J'ai beaucoup repensé hier à La Nuit des Temps de Barjavel, ce livre beaucoup trop lu, beaucoup trop appris à un âge où ma mémoire était encore bien habile et prenait le mot écrit pour or pur... Elea brisant de son innocence le cœur du narrateur, qui lui apportant le meilleur de notre monde s'entend répondre : " vous mangez de l'herbe... vous mangez de l'arbre..." ; et l'amour dès lors fut entendu comme donner à quelqu'un qui n'en veut pas quelque chose que l'on n'a pas. Acte fou quoique répété jusqu'à ce que l'éternité s'en choque. Et nous mangeons de l'herbe et mangeons de l'arbre car nous sommes nous-mêmes bêtes et arbres et herbe tondue, notre chair a le goût du grès rouge et du sarment... Il y a d'autres amours que les amours ratées et d'autres destins que ceux qui tiennent en cent-dix pages clôturées par le mot FIN. Je prends ma plume et je sauve ma peau comme l'enfant martyr qui cousait pour ses frères ensorcelés des manteaux en laine d'orties. Je t'embrasse et je sauve ma peau car dans ce baiser que je donne quelque chose passe du trop d'amour et du trop de curiosité dont l'être s'étouffe à ne savoir qu'en faire : si je t'aime toi j'aime un peu moins l'éternité, et l'infini, et le moutonnement furieux des possibles dans leurs champs des Hautes Alpes.

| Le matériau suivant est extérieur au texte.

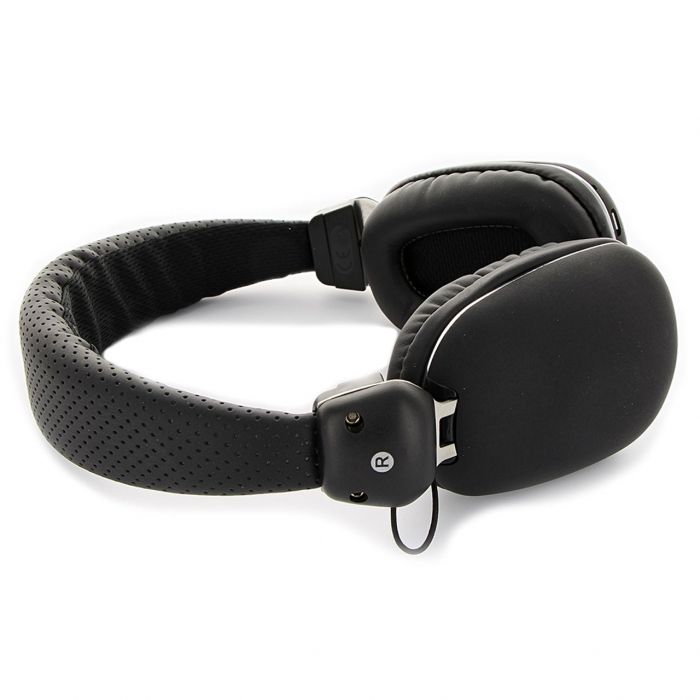 Bluetooth Headphone - black - 1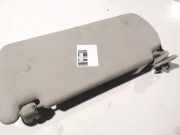 Sonnenblende Honda Accord, 2005.09 - 2008.05 facelift Gebraucht,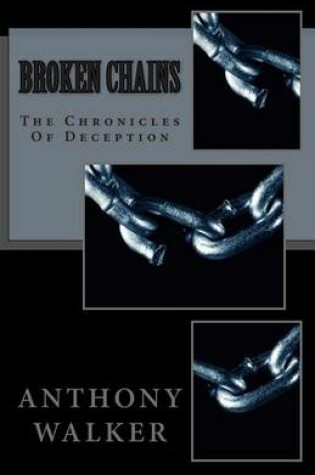 Cover of Broken Chains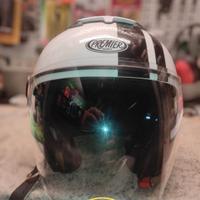 Casco Jet Premier Tg. L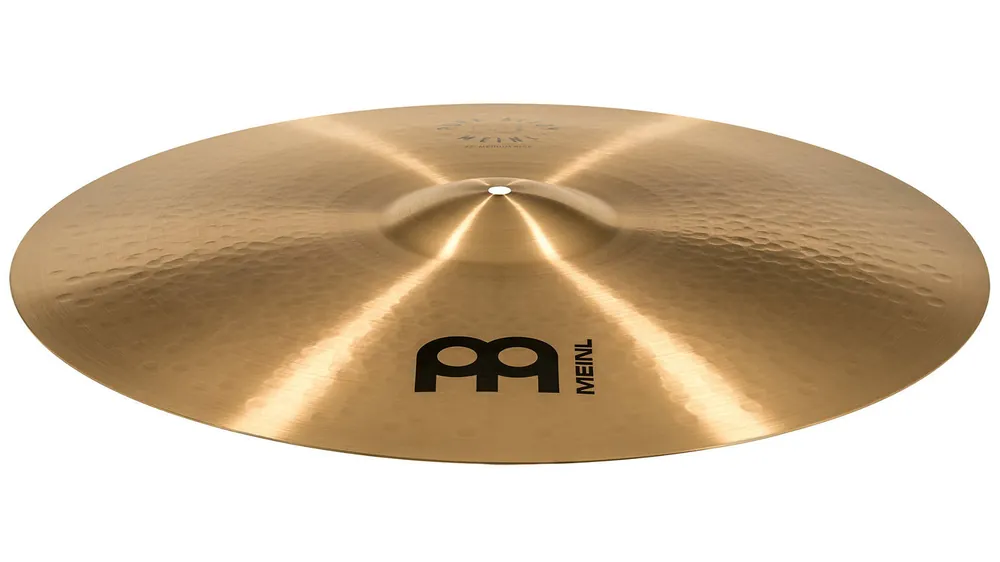 Saisonangebot Meinl PA22MR Pure Alloy Medium Ride 22"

Je peux décider chaque jour de vivre en pleine conscience de ce que cette vie qui m'est donnée a plus de réalité, plus de densité et plus de richesse que tout ce qu'il m'aura été donné de lire des œuvres humaines.
Je laisse Elea et Païkan dans leur silence de glace car je préfère à leur idylle imaginée la vérité tactile de ta joue que je croque là.
Il n'y a de bonne vie que celle qui s'invente d'un instant l'autre, et tant pis pour la peur, la peur que je mange et dont je me fais un habit, qui trempe l'eau dont je me lave, la bière avec laquelle nous trinquons, et la chaux blanche dont nous avons baigné nos murs. Peur, je t'adopte et désormais tu marcheras avec moi sans m'être hostile. Tu seras simplement là, chienne briarde à mon côté, ton regard de brave bête dissimulé par tes longs poils. Tu seras bonne et fidèle ; la chaleur de ton côté me rappellera qu'il n'y a de vie que celle que nous parcourons ensemble.

C'était un premier essai qui ne dérive guère des notes que vous pouvez lire ici, mais je me dis que cet outil pourrait m'aider à m'essayer à la fiction. A suivre.